Dr. Bagga: So, most people who are smoking nowadays started usually when they were younger. They were targeted heavily by cigarette company ads and even unfortunately physicians earlier in the years. So, it was societally the normal thing to do even the “cool” thing to do. That has stuck in a lot of people’s heads as that’s the norm. And to think that cigarette smoking advertisement has stopped would be a mistake. They still spend about 9 billion dollars a year in advertising even though they are not on TV, they are not on radio, they are not – they are just print ads. So, there’s a lot of effort still in convincing people that cigarette smoking is the right thing for them to do.
So, the behavioral aspect of it is you have a process that you are used to doing. There is some structure in your family, be it your friends, your car, your coffee in the morning that triggers that behavioral aspect and you want to do it and you can’t give that up because it’s the first thing you do and once you start for the day; you are not giving up. A lot of times I talk to my patients about realizing that there are multiple ways to quit smoking; but the first step is to admit to yourself that you are interested and a lot of times I ask patients are you interested in quitting smoking, and if they are not interested in quitting smoking; they are not going to succeed.
So, step one is always to identify am I ready to quit smoking. And if you are; then that’s excellent.

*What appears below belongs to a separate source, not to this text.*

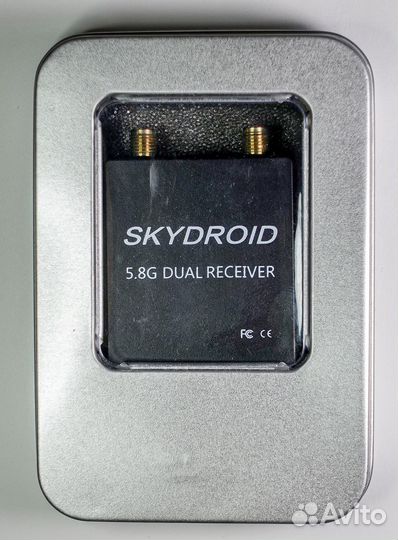 Приемник Skydroid FPV Diversity OTG 5.8G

There are multiple pathways including what we call “cold turkey” which is you just stop, and you give up and if you have the willpower and the mental capacity to do it; you do well, and you remain quit smoking. But most people end up using some kind of smoking cessation aid be it lozenges, gum, mediations or behavioral therapy including hypnotism or electronic cigarettes. Most people will find what works for them, mostly by trial and error methods, but the patches are probably the first step once the patient is ready to quit smoking or understands that they are ready and willing.
I tell them to develop a quit date, figure out their triggers, avoid those triggers and then act on it. And then hold themselves accountable. Have a family member hold them accountable. Make appointments with the physicians to check in every few weeks to make sure heh, I’m on track or do I need more support or am I doing well the way I am. That is the way I would typically approach most patients who are trying to quit smoking.
Host: If nicotine is so addictive, if someone goes on the patch or they are trying Chantix or any of these others; will they experience that nicotine withdrawal and what can they expect those first weeks to feel like?
Dr. Bagga: Nicotine is very addictive. It is the whole reason the industry is still surviving despite so many bad outcomes happening from the use of this product. So, there is no other product that causes cancer and is still available on the market on a routine basis. If you think that – so when you stop nicotine, people have a transient withdrawal syndrome where they feel like that they are missing a calming source in their body. Nicotine itself, raises your levels of stress in the body and then use of nicotine then brings it back down to a normal. So, when people notice that my stress level is increasing it is not because nicotine – the lack of nicotine is doing that; it is because the nicotine already raised it to a higher level and then just brought it back down to a normal. So, when people take up quitting smoking and they notice these withdrawal symptoms; use of patches to stabilize this withdrawal syndrome is the best way. Lozenges, gum also work well, but people don’t tend to associate that instantaneous effect that they get with cigarettes. So, it is a matter of grit and kind of persistence through the initial withdrawal phase and once that withdrawal phase goes away; most people are able to tolerate – don’t have any significant nicotine withdrawal as your brain rewires itself to not expect such a high level of nicotine.
Host: What about the worry of things like weight gain with quitting or going to social events when you feel like that’s been sort of a crutch or where people might be smoking and the advent of vaping, you know Jewels and these E-cigarettes that supposedly are “better for you.”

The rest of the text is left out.